Since I do not know much about computer vision, I am very confused with the idea of reducing the amount of variation. From my point of view variation could be important when we humans identify real items, e.g. we can distinguish a candle and a lighting bulb. As a result, I can't really understand why removing contrast is safe. How could we define the degree of variation that could be safely removed?

DSharm commented 4 years ago

My question echoes the sentiment of @linghui-wu 's question. In early 2020 a series of articles uncovered an investigation into Clearview AI - a computer vision company that sells its product and database to law enforcement agencies to help them identify individuals. When the news came out, there was an ongoing discussion of the idea that the technology itself wasn't that novel - in fact, an organization like facebook could have built something similar a long time ago - but creating a product for law enforcement use was a line even facebook wasn't willing to cross.

How, then, should we think about making advances in this field, and improving our models to have the highest accuracy / quality, while knowing that doing so further endangers our privacy? Beyond legislative solutions, do researchers and computer scientists have a role to play in preventing such technology from being misused?

Article here: https://www.nytimes.com/2020/01/18/technology/clearview-privacy-facial-recognition.html

ihsiehchi commented 4 years ago

Application to film studies

Back in the glorious pre-quarantine days, I attended a lecture held by the film studies department at the Logan Center. The speaker was talking about a "freeze-frame (forgot the technical name)" technique to analyze films, which is essentially using selected frames as opposed to clips as the unit of analysis. I was wondering whether machine learning methods could help us find the frame with most information if we define a neighborhood. Without audio analysis and speech-to-text then text analysis, we most likely have to stick to films in which the most important scenes occur through actions rather than words. It is hard to believe that an algorithm can accomplish the task by going through facial expressions alone, although in films such as the Marriage Story, brilliant actors indeed have memorable facial expressions that may help us identify in which moments the climax of the film takes place.

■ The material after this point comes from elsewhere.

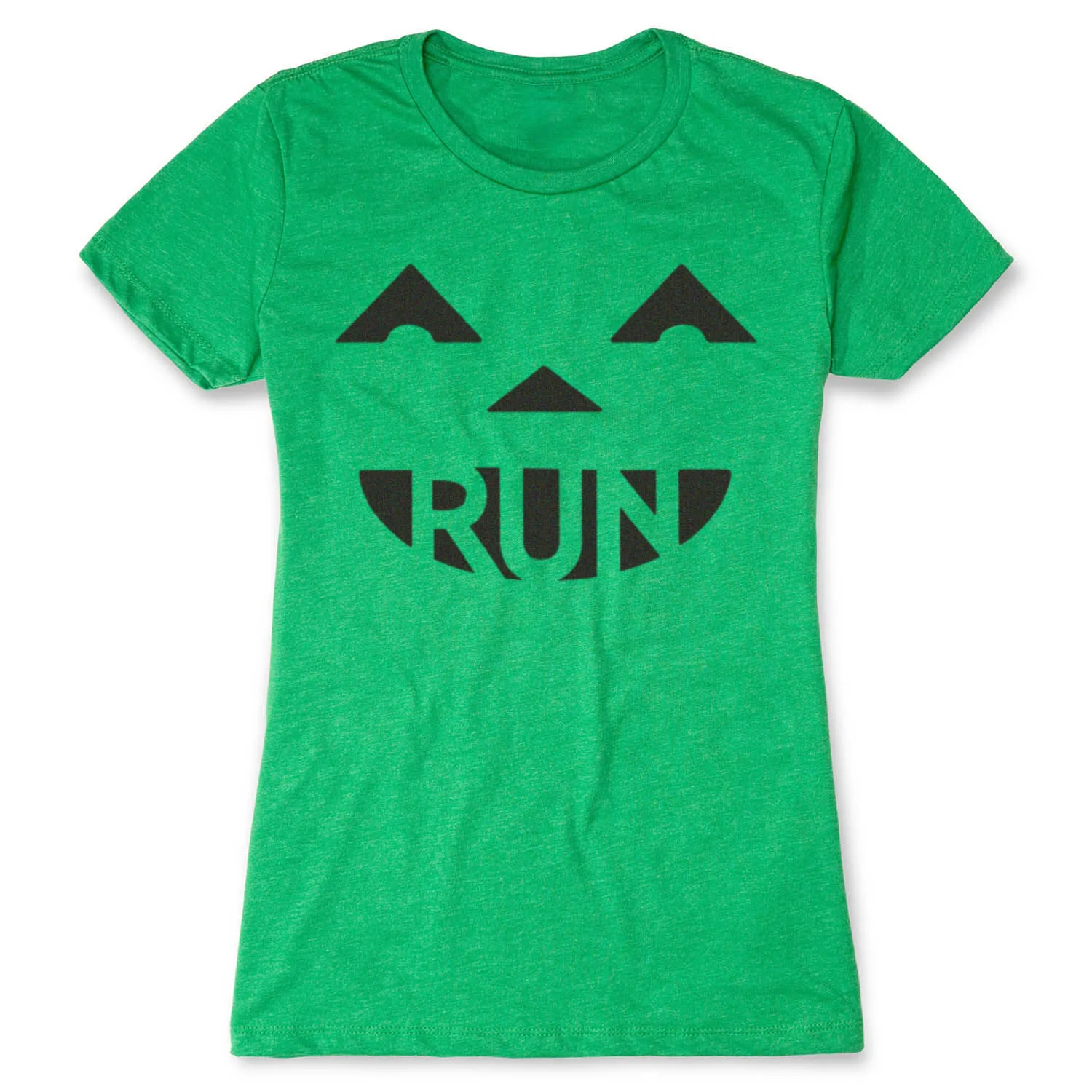 Women's Everyday Runners Tee Pumpkin Run 3 Women's Everyday Runners Tee Pumpkin Run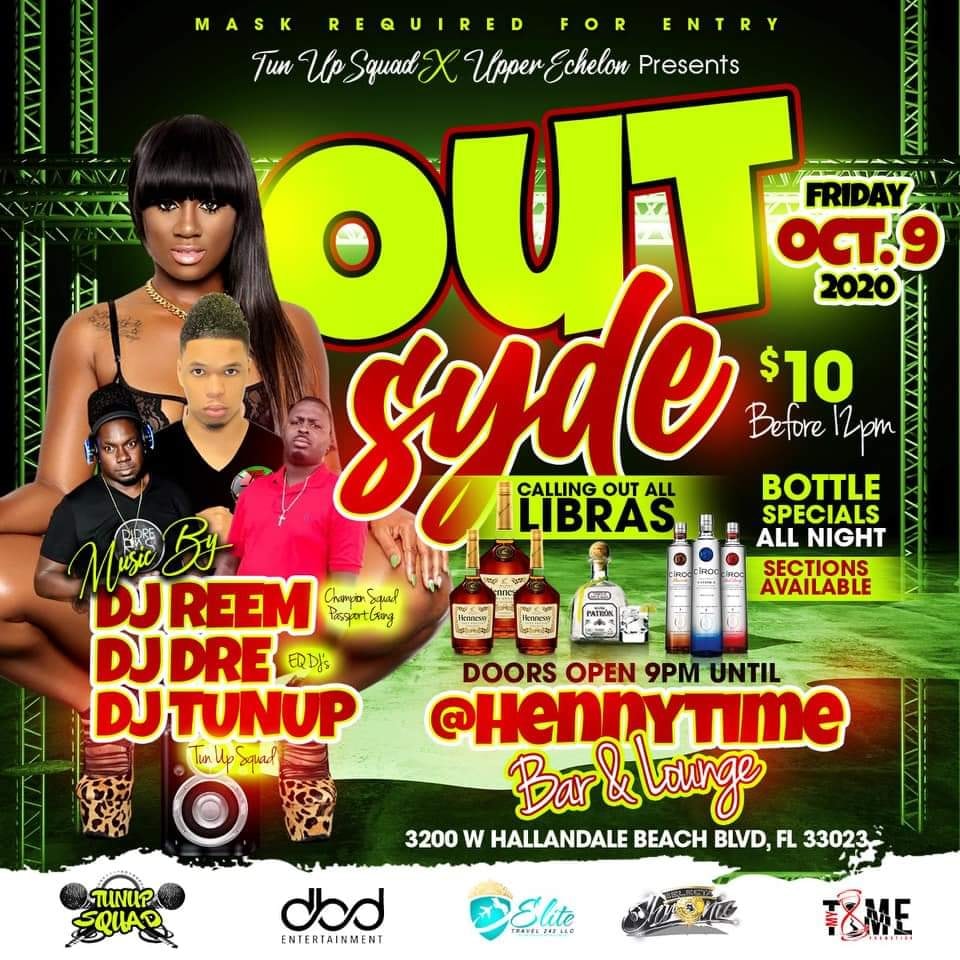 Henney Tyme Bar and Lounge 3200 W Hallandale Beach Blvd, Hollywood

jsgenan commented 4 years ago

It is genius to represent sound waves as figures in deep learning model! However the previous readings were talking about training machinery to recognize square patches in images. Can we talk a little more about how are the two dimensions, time and frequency, combined and processed in the model? Furthermore, is it possible to use the same philosophy to add one more dimension of vector in other deep learning models?

Lesopil commented 4 years ago

Re: the section about preprocessing and training machine vision models. What is done to prevent someone tricking the model by adding noise to a picture of cat to make it seem like a dog to the computer, but still clearly recognizable as a cat to humans?

liu431 commented 4 years ago

For user-generated images on social media, are they open to be scraped by researchers? Will people be less willing to post images of themselves or silly ones if they realize they are being monitored and analyzed?

minminfly68 commented 4 years ago

This computer vision section might have excellent application in the real world, like detecting human behavior in the real word, however, I am wondering how to solve the problem that it might offend humans' privacy and what can we do to protect humans' privacy? Thanks!

timhannifan commented 4 years ago

A unique feature of computer vision discussed in the reading is the ability to identify salient features through altering image contrast. My understanding is that this process helps to distinguish important information from background noise. In a social context, could one use these techniques be used to identify changes in the zeitgeist through time? For example, could one not only classify Romanticist vs Impressionist paintings, but identify the salient features that distinguish the two periods?

bazirou commented 4 years ago

My question is also about the stability of embeddings, is there any common validation method used in empirical study help us to state that the embedding actually makes sense?